On Mon, Nov 24, 2008 at 5:28 PM, Daniil Elovkov
Peter Hercek wrote:
Daniil Elovkov wrote:
A refinement of :tracelocal could be :tracedirect (or something) that would save the history not anywhere within the given function but only within parents, so to say. For example,
This looks like what I thought of as searching for values in dynamic stack (explained in my response to Pepe Iborra in this thread).
Yes, first when I saw that your message I also thought "Hey, Peter has already suggested it!" :)
But now I see that we're talking about slightly different things. Consider
fun x y = let f1 = ... (f2 x) ... -- f1 calls f2 f2 = exp_f2 in ...
Now, if we're at exp_f2 then 'dynamic stack' in your terminology includes (f2 x) since it's the caller and all f1 as well.
On the other hand, :tracedirect that I suggested would not include f1, as it's not a direct ancestor. And for the purpose of binding variables which are syntactically in scope, it is indeed not needed. :tracedirect would be sufficient.
Also, I think that :tracedirect can be easily implemented based only on simple syntactic inclusion relation.

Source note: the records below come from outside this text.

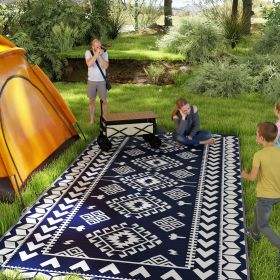 Reversible Outdoor Rug, Waterproof Plastic Straw With Carry Bag, 9 X 18, Blue & White Rhombus Patchwork (Color: Blue)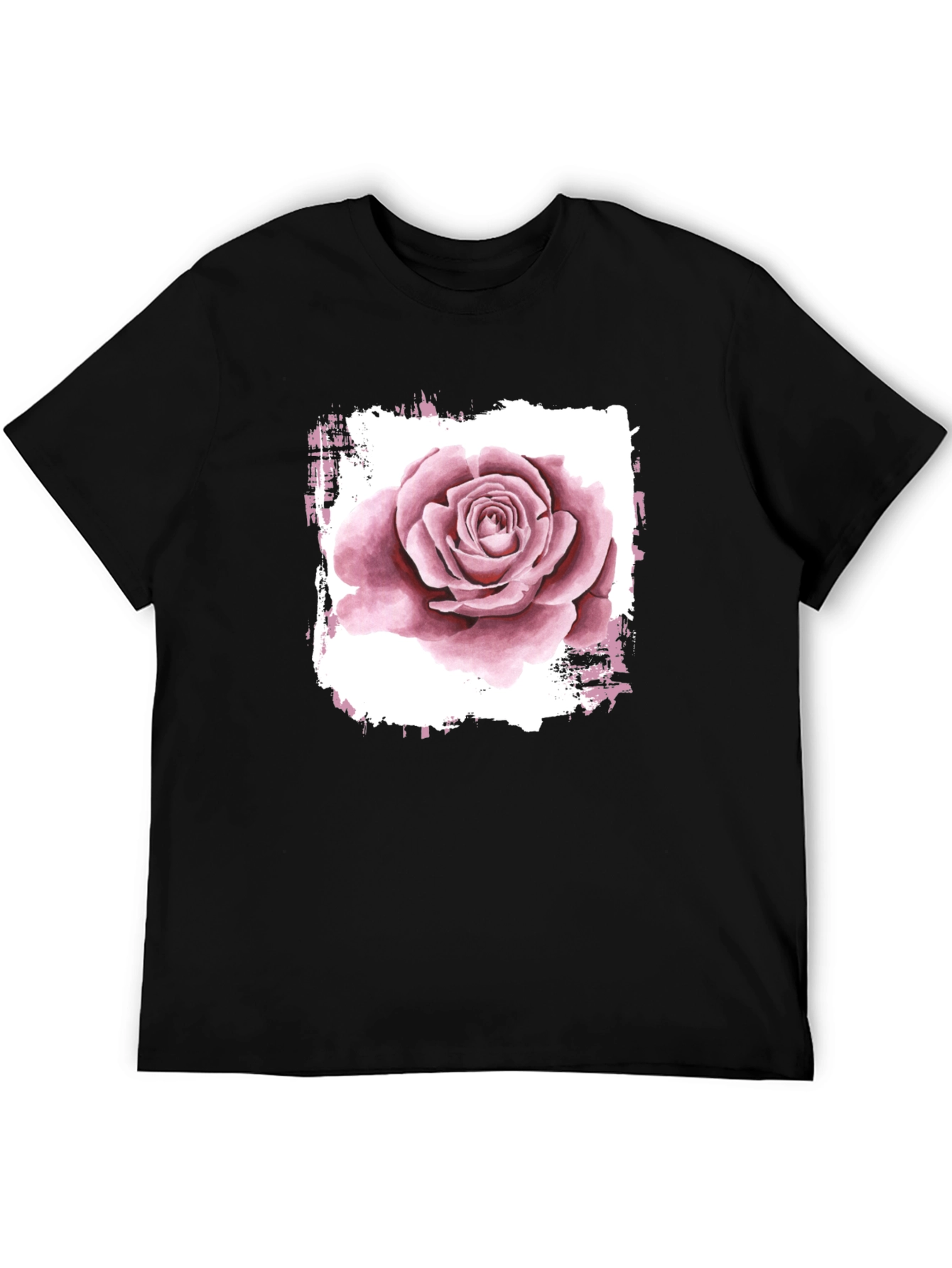 Rose Graphic Print Black T-Shirt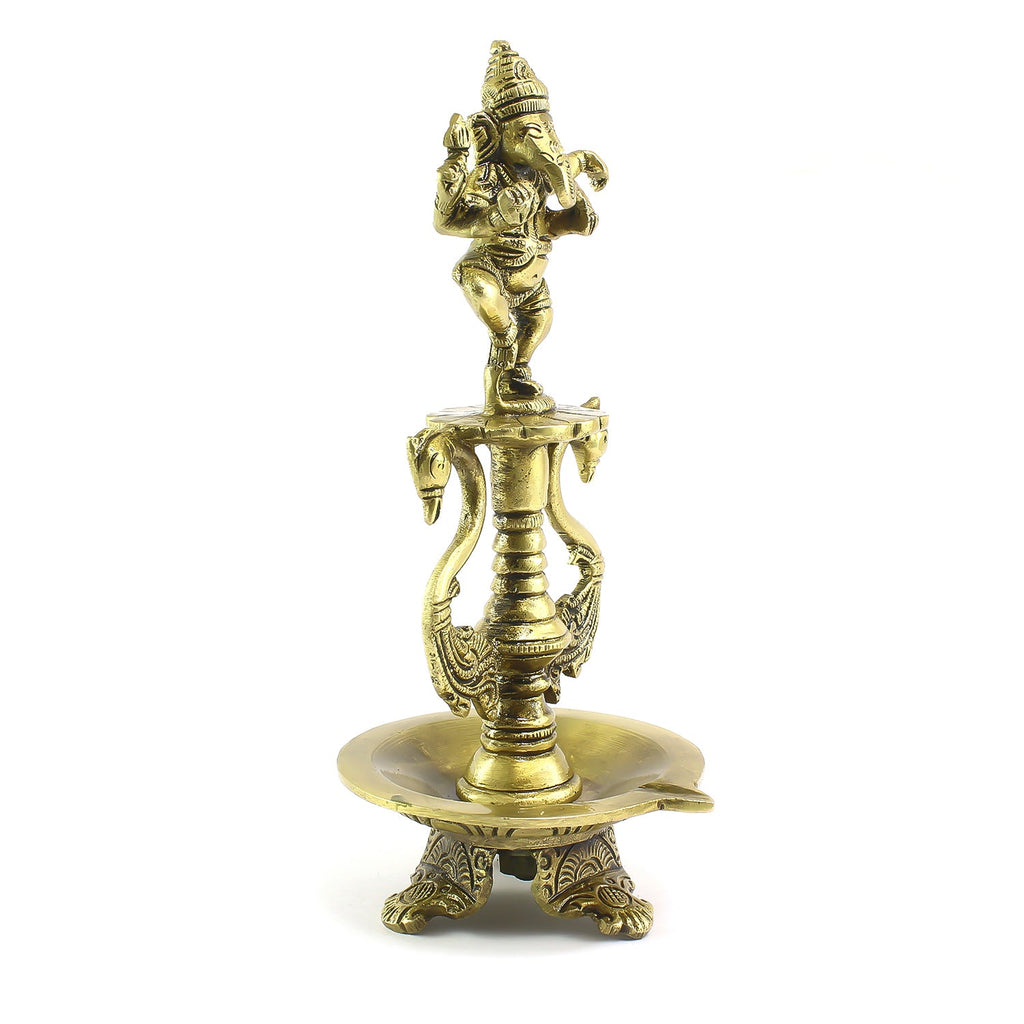 Golden Brass Diya with Lord Ganesha Idol and Peacock Design Stand Kafalo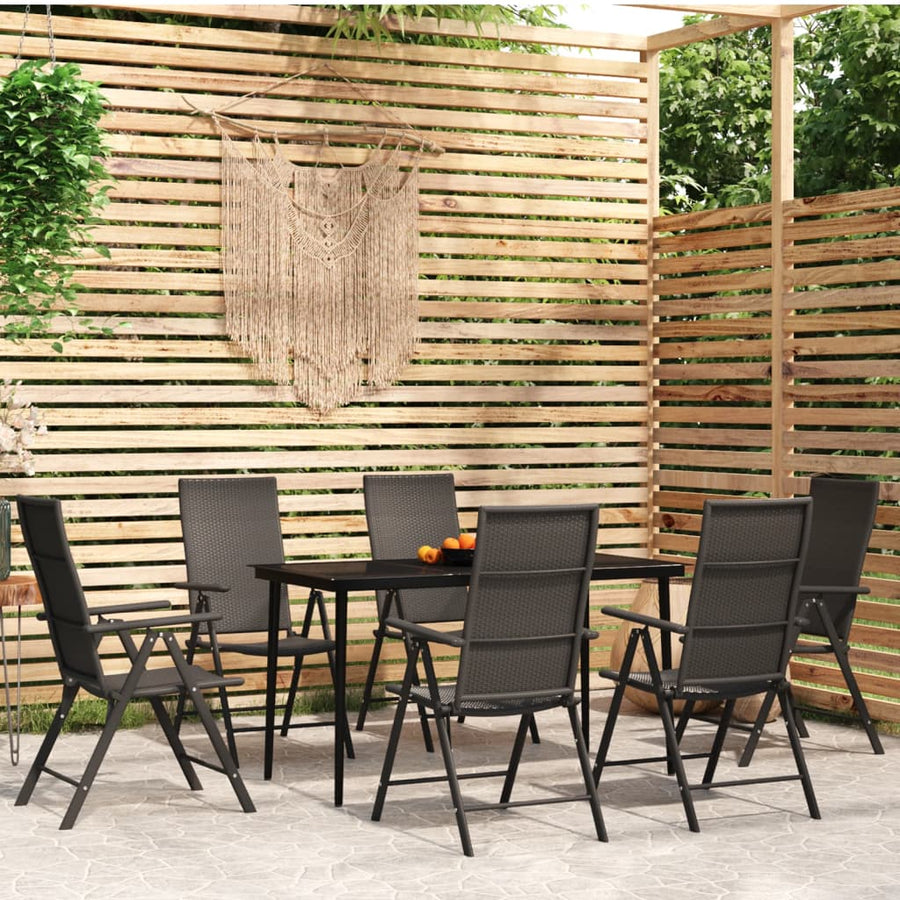 -Delige Tuinset Zwart 7 140 cm tafellengte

I am not convinced this would not imply the same problems as simply storing all the variables in scope at a breakpoint. Consider this slightly more contorted example: fun x y = let f1 = ... (f2 x) ... -- f1 calls f2 f2 x = x * 2 in case x of 1 -> f2 0 _ -> f2 (f1 y) g x = let z = (some complex computation) in z `div` x main = print (g (fun 1 2)) This is a classical example of why laziness gets in the way of debugging. Now, when (f2 0) gets finally evaluated and throws a divByZero error, x and y are nowhere to be found. Since we do not have a real dynamic stack, it is difficult to say where their values should be stored. The only place I can think of is at the breakpoint itself, but then as Simon said this poses a serious efficiency problem.